Катерина хлюпала носом, как обиженная девчонка, смотрела исподлобья на мужа. Маланья склонилась над противнем, покрикивала на невестку, но не было злости в ее ворчливом голосе. Нет вины Катерины в злобе мужниной. У пригожей жены и непропеченный хлеб съешь да похвалишь, а нежеланная жена и пуховыми пирогами не порадует.
Несчастлив сын. Сколько можно жалеть о прошлом, клясть судьбу и безответную Катерину…

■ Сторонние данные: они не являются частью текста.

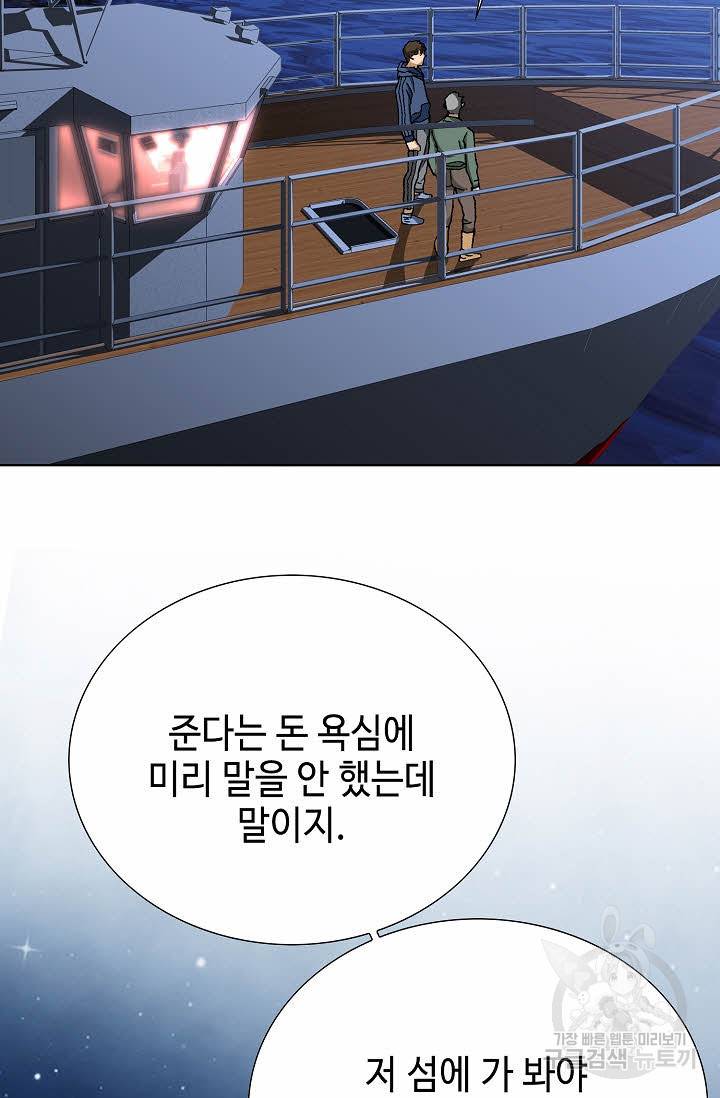 착한 남자 39화 10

Ночью Семен будто доказывал что-то себе и своей семье, тяжело вдавливал жену в набитую соломой перину, втискивался в ее неподатливую сухую плоть и ругался сквозь зубы. Катерина не плакала, скулила жалобно, будто обиженный кутенок. Она встала с постели, тихо, боясь поднять шум и получить грозный оклик свекрови, открыла дверь в повалушу, пристроенную к избе, и долго терла тряпицей тело. Спать легла на лавку к детям, подальше от грозного мужа, прижала к себе младшего Ваньку с молитвой Христу о том, чтобы сын не был похож на жестокого отца.
* * *
Масленица овладела деревушкой Еловой, закружила девиц в хороводе, поманила парней надеждой на сладковесенние поцелуи, разрумянила детишек, накормила калачами из пшеничной муки, рассмешила, разухабисто ухнула и пошла на спад.
Отстояли еловчане утреню, готовясь к Великому посту. Отец Сергий помянул всех преподобных отцов и жен древности, просиявших в посте:
– Ибо богоносные отцы, постепенно наставив нас предварительными праздниками, заранее подготовив к поприщу поста, отвратив от сытости и сладости.

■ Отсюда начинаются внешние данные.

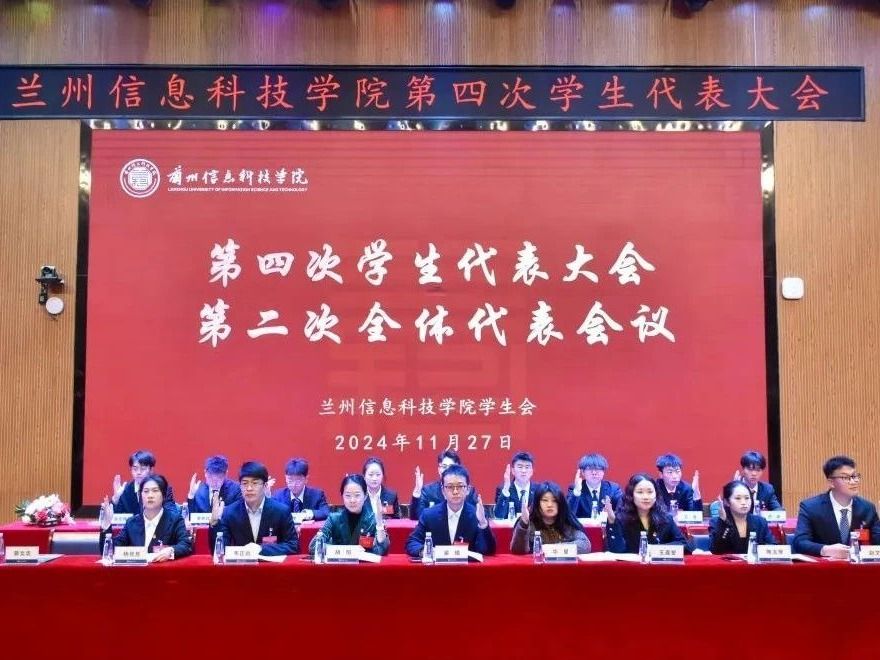 “信”火相传，携手共进—英国上市公司官网365成功召开第四次学生代表大会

– Устала я. – Нюта не поспевала за матерью и братом, семеня крохотными ножками.
– Иди ко мне, – наклонилась к дочери Аксинья. Да не успела, Матвейка взял девчушку на руки, развлекал по дороге потешками. Аксинья шла рядом, любовалась на детей, не уставая благодарить Богородицу за братича, и опору свою, и радость.
– Аксинья, ты приходи к нам, потрапезничаем перед мясопустом. – Параскева отстала от своей дружной семьи, приобняла за плечи.

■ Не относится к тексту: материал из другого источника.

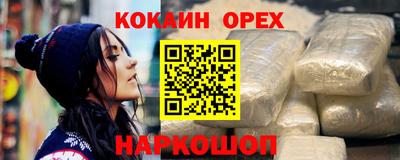 MDMA Обь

Горячее сердце в студеном мире, Прасковья никогда не сторонилась на людях подруги, всегда рада позвать в гости иль сама прийти. «Уже не вспомнить, как и жила без нее». – Благодарность согрела озябшие руки Аксиньи.
– Придем, втроем придем, благодарствую за приглашение.
Прасковья махнула рукой и догнала семью: чинно вышагивал Никашка, не отходил далеко от стройной Настюши, любимой, но бездетной жены. Черноокая дочь еловского старосты, казалось, забыла об утрате и поддразнивала мужа. Аксинья сочувствовала молодухе, сама прошла через сии тяготы. Рядом широко шагала Лукерья. Крепкая, мясистая, стеснительная, она казалась Аксинье воплощением красной девицы. Добрая жена будет. Павка вцепился в Лукашину руку, семенил рядом.